"What skion of the British nobility is that?" asked Jonathan.
"That is Lord Blank's footman," replied Saint Catherine.
"My! Well, whose footman is that?" continued her interlocutor, pointing to a less gorgeous person holding the reins.
"That is Lord Blank," answered Saint Catherine loftily.
"Sakes alive! Does that goose of a lord think he will stand any chance with the girls when he takes such a howling swell as that around with him?" asked simple Jonathan.
To this question Saint Catherine deigned no reply, having, perhaps, remarked the wicked twinkle of Jonathan's eye.
One of our pensionnaires objected very much to the American language. "It is principally slang," she said. This lady, no longer young, had been three times upon the eve of marriage, had had three bridal dresses, had countermanded three wedding-feasts. She was heiress at that time to the fifty thousand pounds she has since inherited, and the persistent failure of her matrimonial endeavors surprised us all.

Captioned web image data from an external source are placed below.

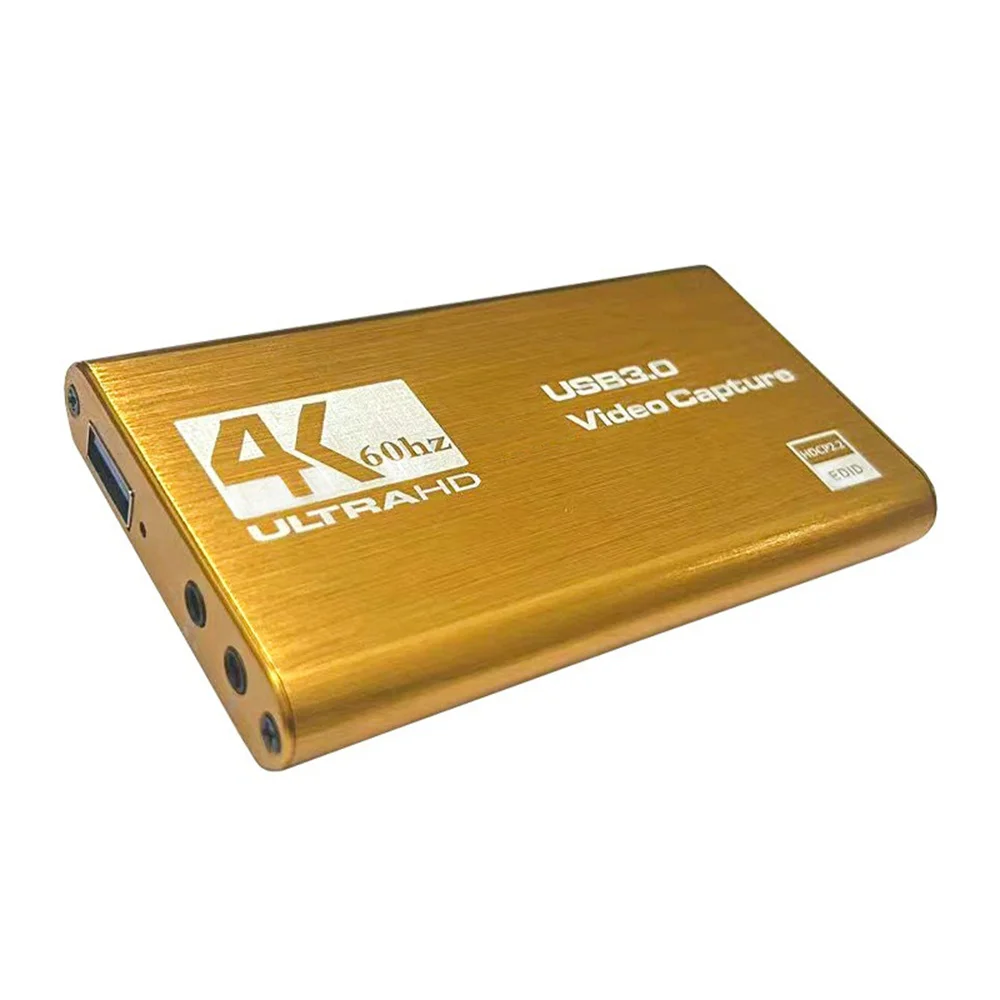 4K Video Capture Card 1080P 60fps HD Camera Recording Box HDMI ...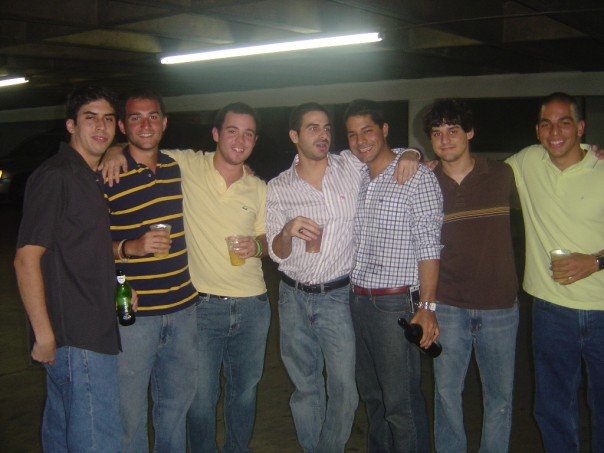 Alberto with the boys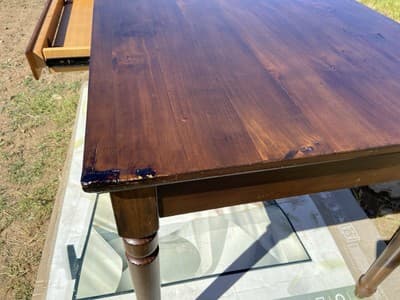 pottery barn Printmaker’s Collection Desk - Thumbnail 2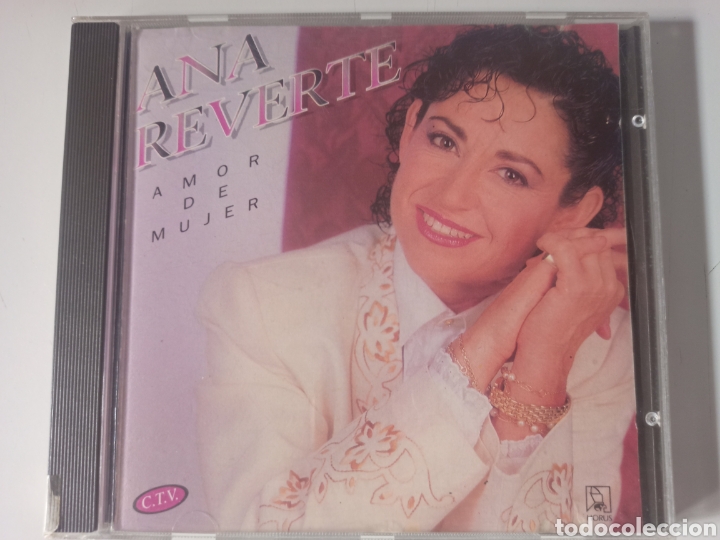 CDs de m&uacute;sica: Ana Reverte - Amor de mujer - Foto 1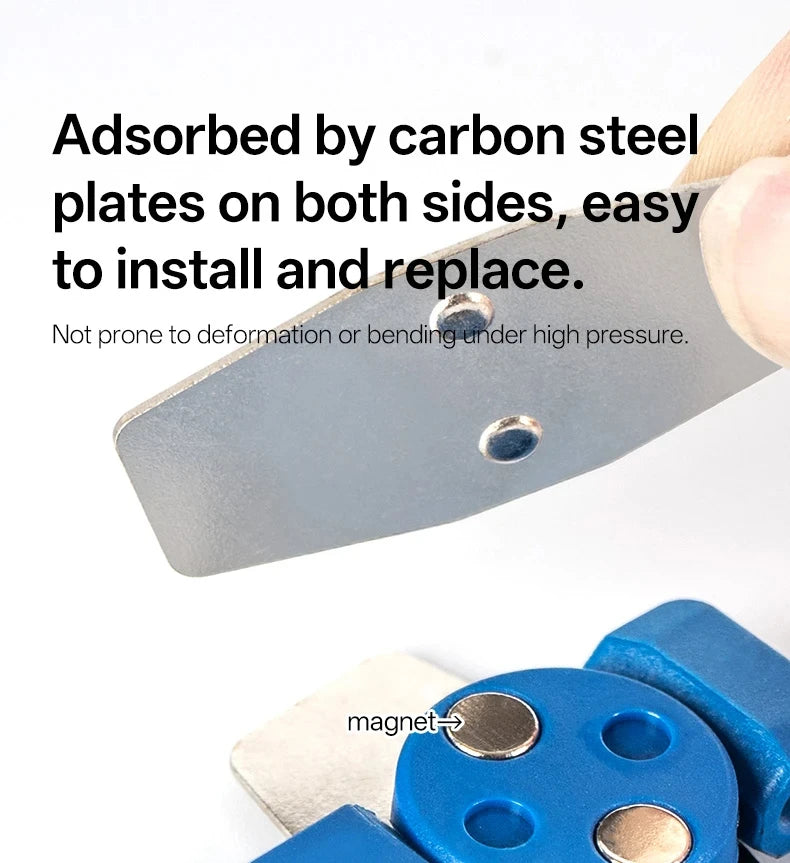 Durable Steel Bicycle Brake Pad Spreader – 360° Rotatable Hydraulic Disc Brake Caliper Piston Reset Tool
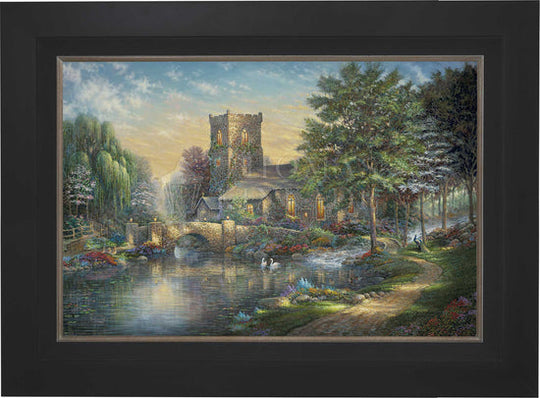 Willow Wood Chapel, by Thomas Kinkade Studios
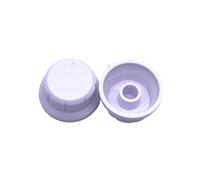YINZHD 10PCS WH148 Potentiometer Knob 23.5X12mm 6mm Shaft Hole Power Amplifier(WHITE)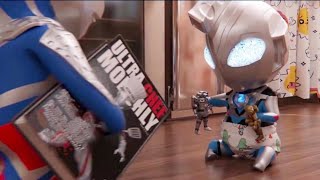 Download lagu Ultraman Z, Zero baby cuteウルトラマンSiêu nhân điện quang tí hon cùng nhau trốn đi mp3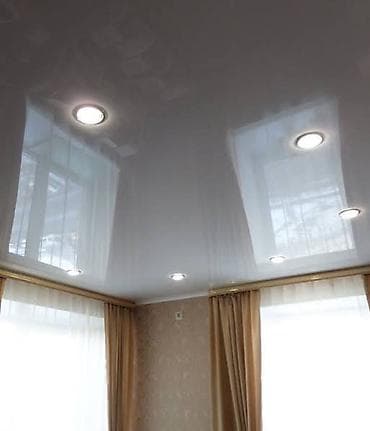 motion design: Натяжной потолок Глянцевое, Матовое, 3D потолки Гарантия, Бесплатная консультация, Бесплатный замер — 3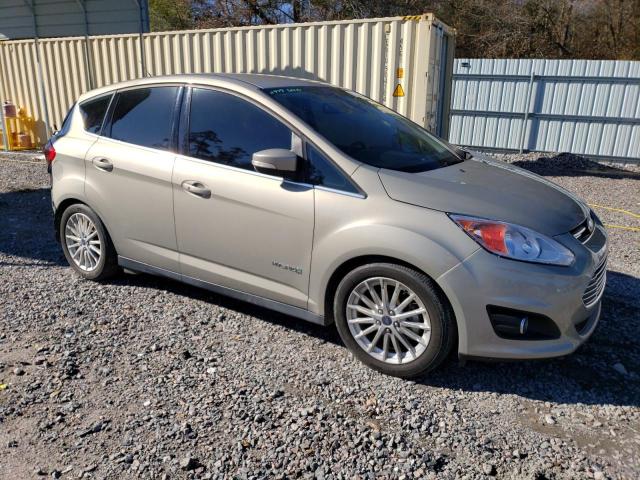 1FADP5BU7FL119817 - 2015 FORD C-MAX SEL CREAM photo 4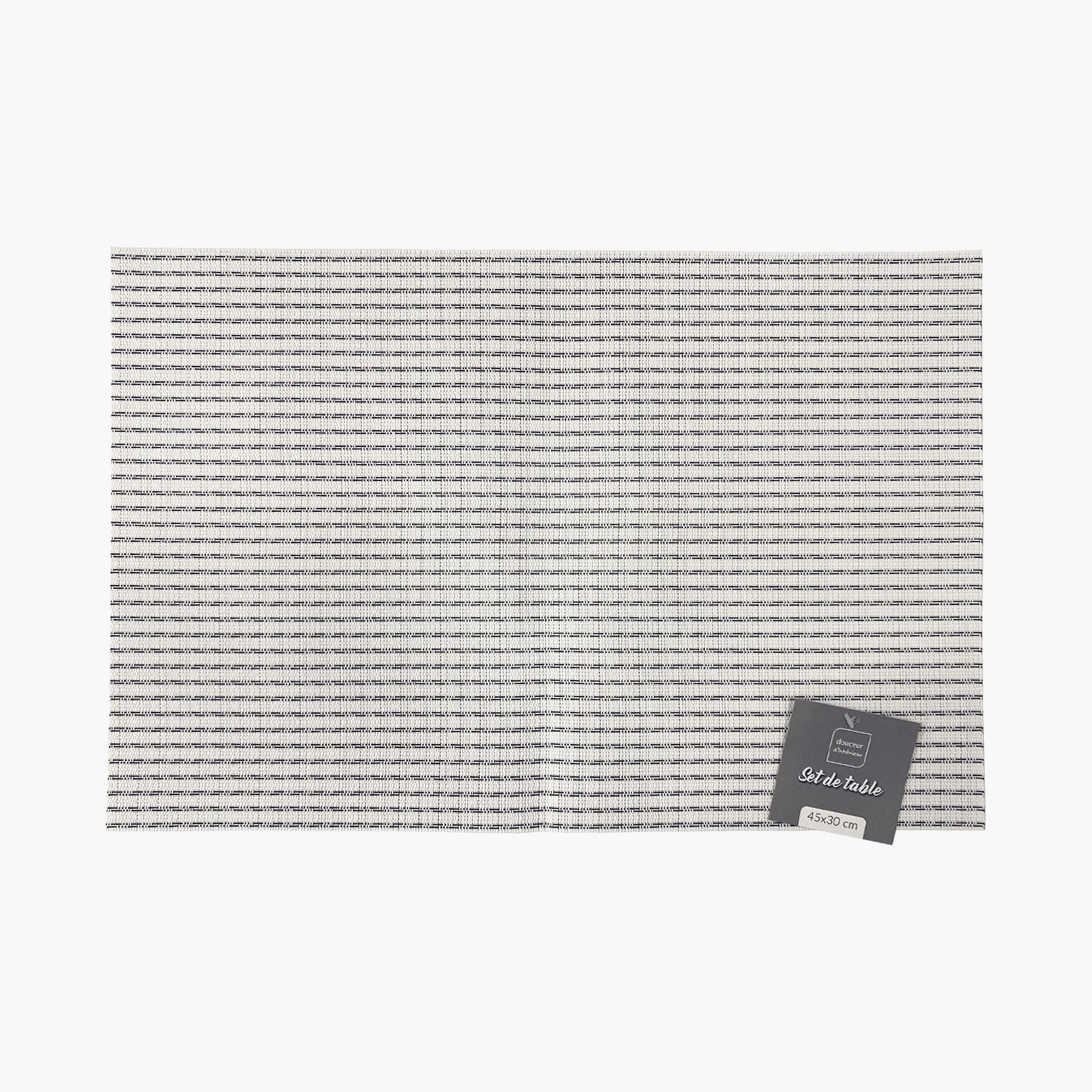 Textured Placemat - 45x30 cms-household-dining-tablelinen-placemats-image-3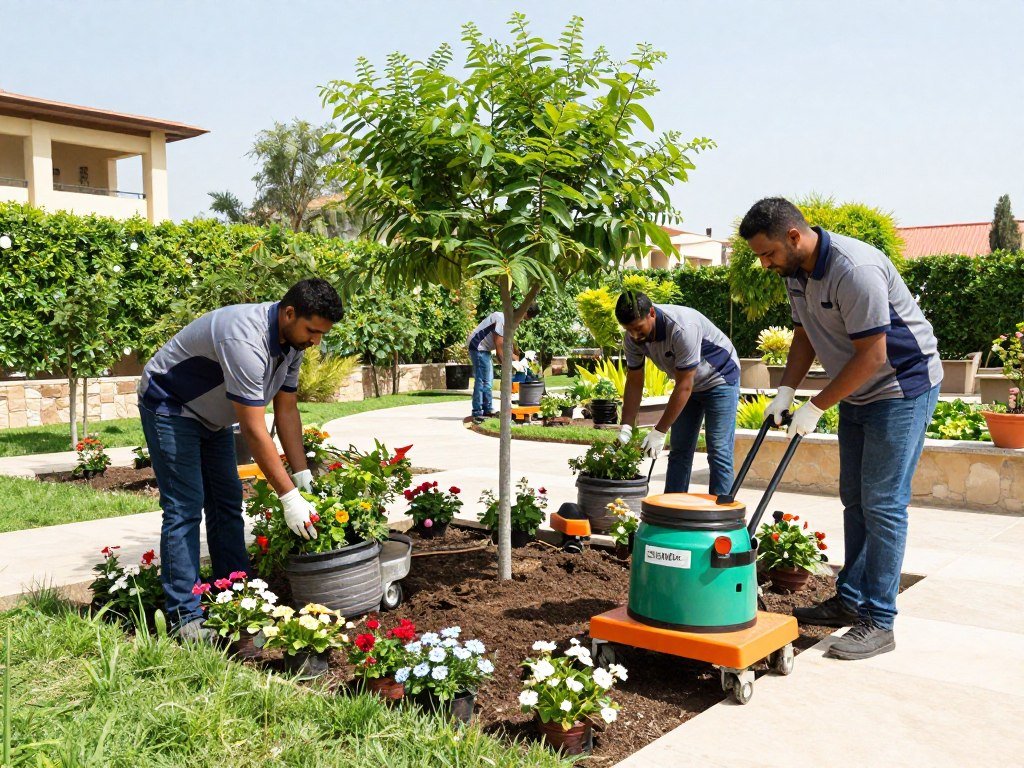 فريق دار الرؤية للزراعة المتخصص في تنسيق الحدائق فريق دار الرؤية للزراعة المتخصص في تنسيق الحدائق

"It is because Monsieur mon Père is perfectly addled on the matter of settlements, and rowed with every one of my fiancés," she explained.
She said one day, "The gov'nor has done me out of a guinea of my allowance this week. He's a first-class Do!"
Another time, "The mater and I prefer to live in our own house, but the gov'nor won't hear to it. He prefers 'diggin's' where he can always have his whist."